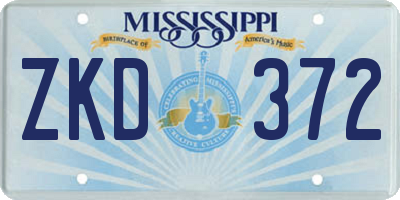 MS license plate ZKD372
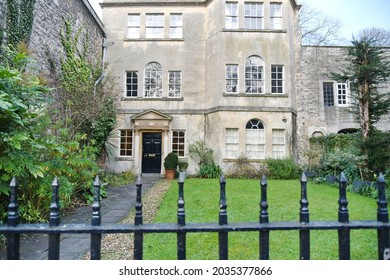 Exterior View And Garden Of A Beautiful Old English Town House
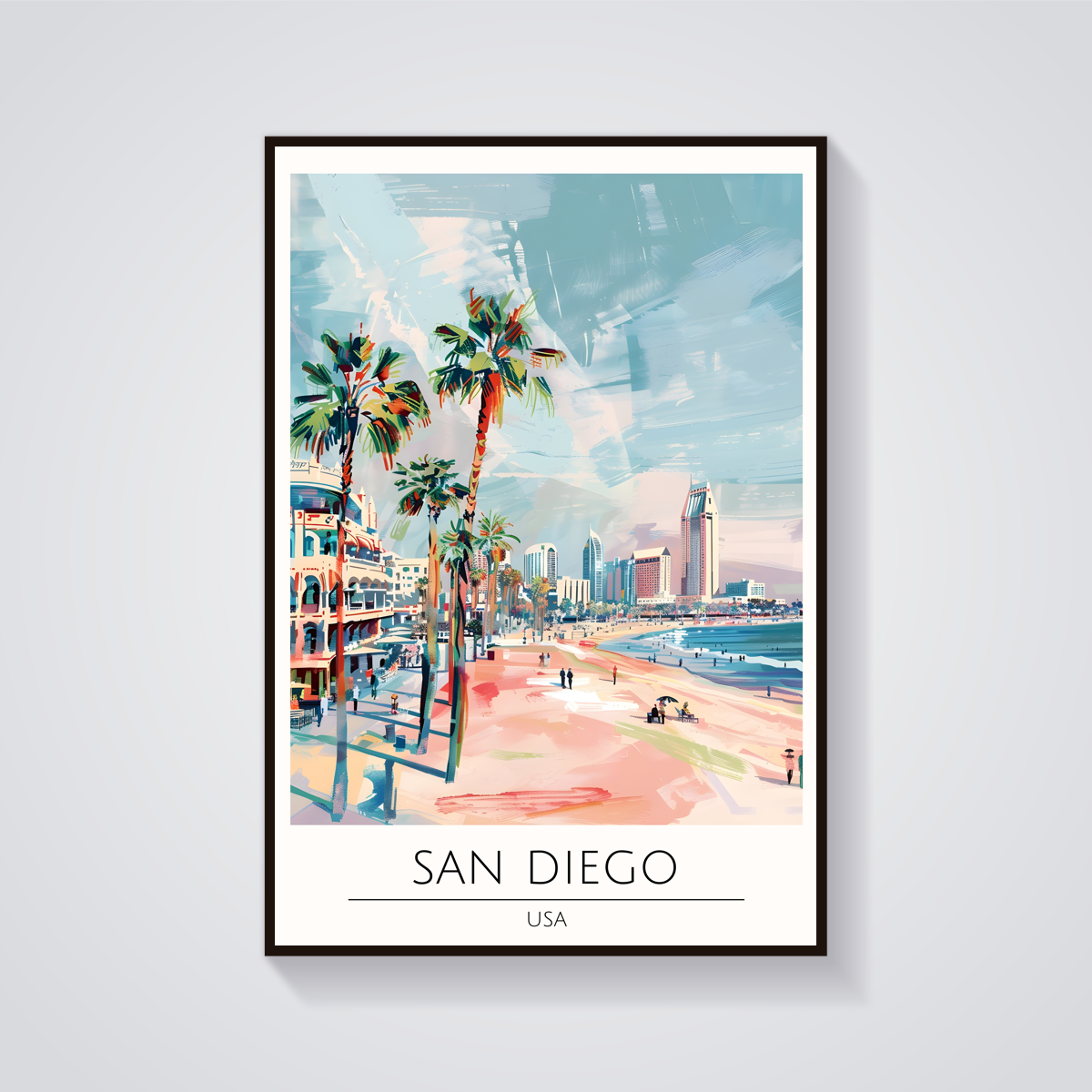San Diego Beach Palms Poster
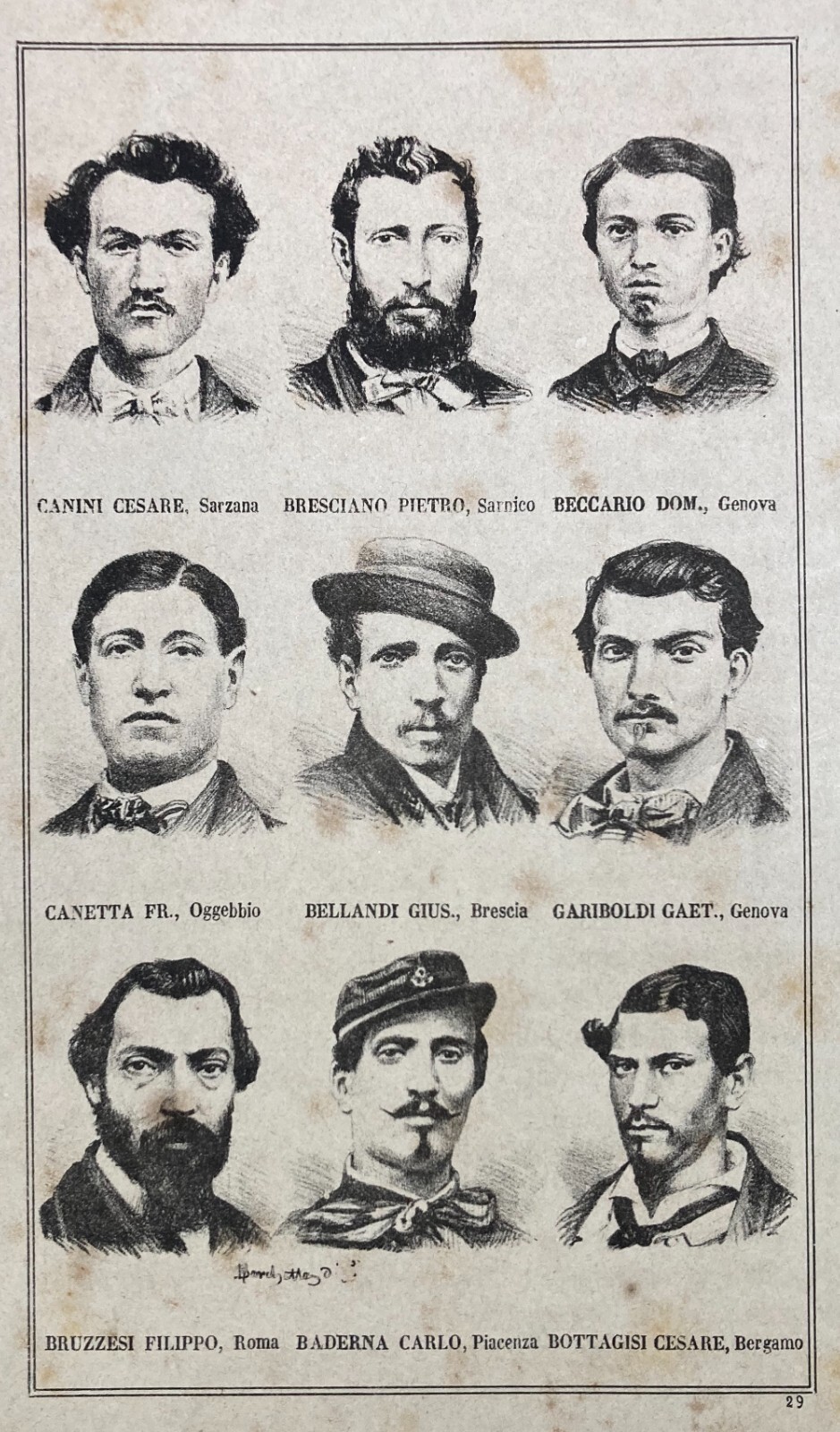 Risorgimento, Garibaldini, Ritratti: Sarzana, Sarnico, Oggebbio, Brescia, Piacenza, Roma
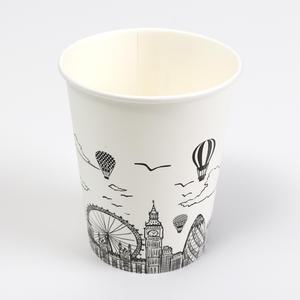 13온스 390ml / 런던 열기구 인쇄 종이컵 / 1000개 - 1박스 / 더 단단한 평량 300g이상 프리미엄급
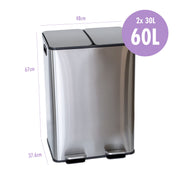 Stainless Steel Dual Compartment (30L each Section) Pedal Operation Rubbish Bin V196-SB80
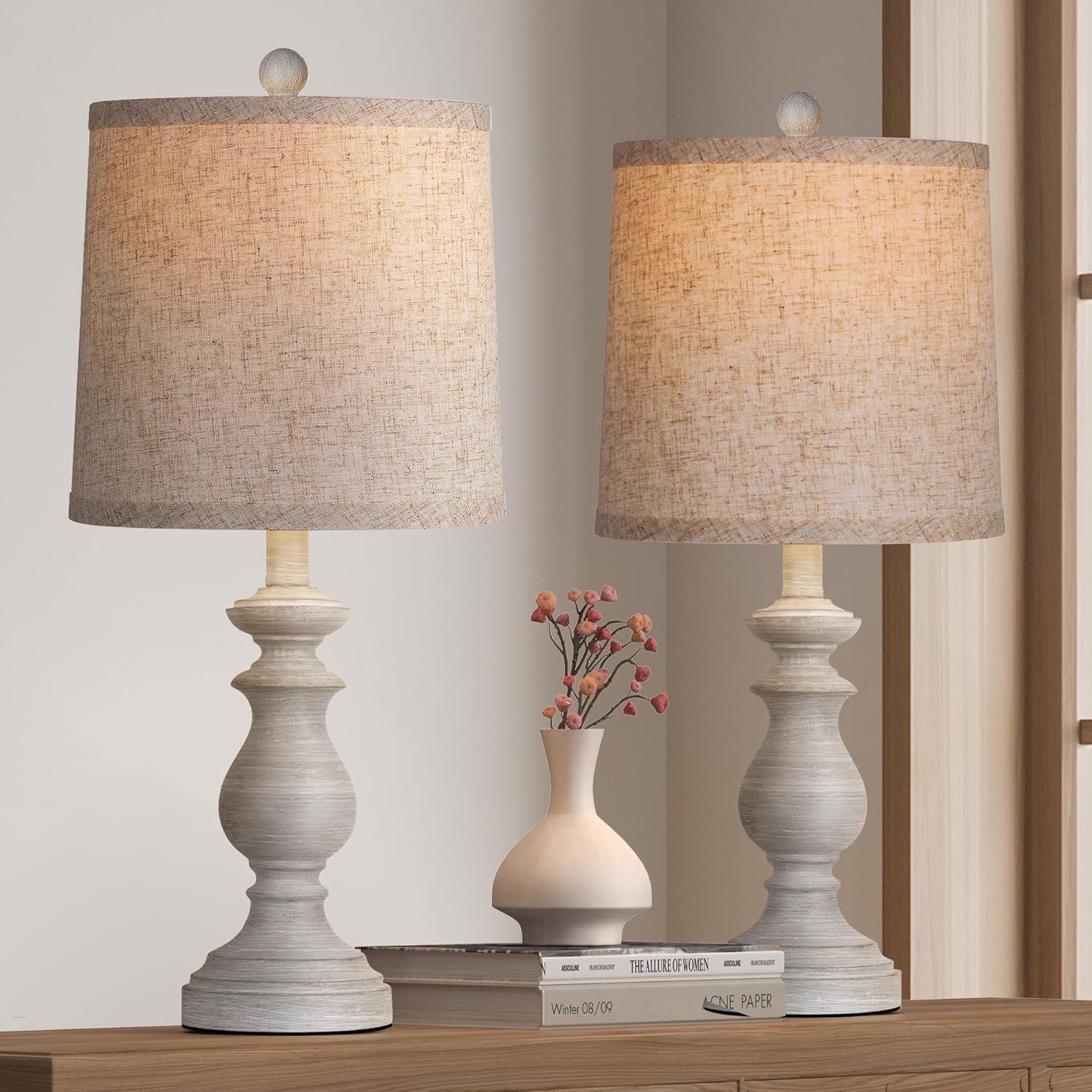 PARTPHONER Traditional Table Lamp Set of 2, Rustic Farmhouse Table Lamps for Living Room Bedroom, 22" Bedside Desk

= = = =

* [Exercise requirements]: Working from the line that contains "San Diego Beach Palms Poster" to the last line of the listing, please quote each line exactly, pictures excluded.

* [Response to the exercise]:
San Diego Beach Palms Poster
 Risorgimento, Garibaldini, Ritratti: Sarzana, Sarnico, Oggebbio, Brescia, Piacenza, Roma
 13온스 390ml / 런던 열기구 인쇄 종이컵 / 1000개 - 1박스 / 더 단단한 평량 300g이상 프리미엄급
 Stainless Steel Dual Compartment (30L each Section) Pedal Operation Rubbish Bin V196-SB80
 PARTPHONER Traditional Table Lamp Set of 2, Rustic Farmhouse Table Lamps for Living Room Bedroom, 22" Bedside Desk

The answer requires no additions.